:: Stored data ::
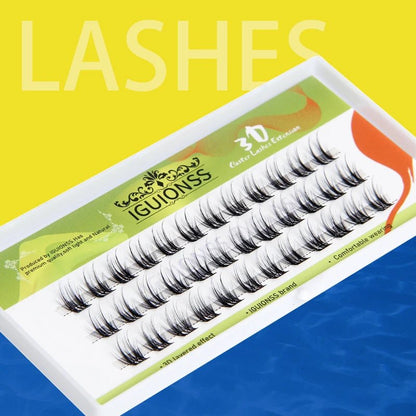 Lash Clusters – DIY Eyelash Extensions | 36 Clusters, C & D Curl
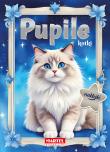 Okładka książki Pupile. Kotki z naklejkami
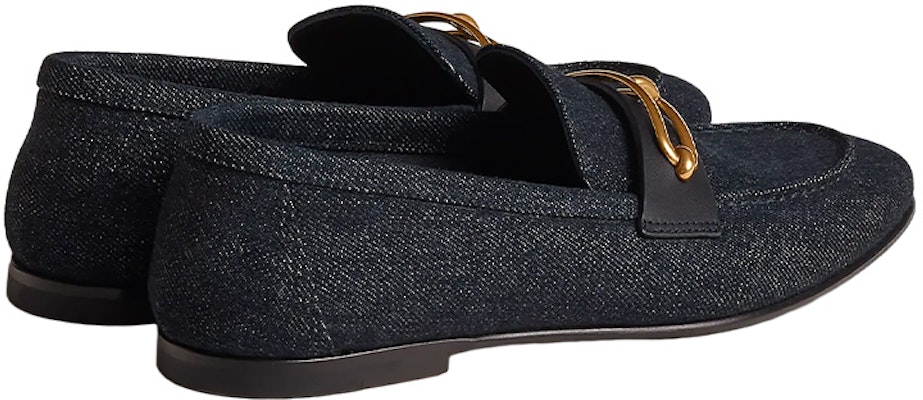 (W) HERMES x Colette Kasut Loafer 'Denim Biru Moden' H231084Z-48 Shop (W) HERMES x Colette Kasut Loafer 'Denim Biru Moden' H231084Z-48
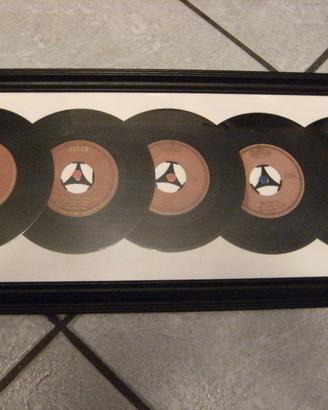 Dischi 45 giri Rolling Stones in quadretto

:: Your instructions ::
Return each line of the material exactly as written; exclude the pictures.

:: Written solution ::
 Lash Clusters – DIY Eyelash Extensions | 36 Clusters, C & D Curl
 Okładka książki Pupile. Kotki z naklejkami
 (W) HERMES x Colette Kasut Loafer 'Denim Biru Moden' H231084Z-48 Shop (W) HERMES x Colette Kasut Loafer 'Denim Biru Moden' H231084Z-48
 Dischi 45 giri Rolling Stones in quadretto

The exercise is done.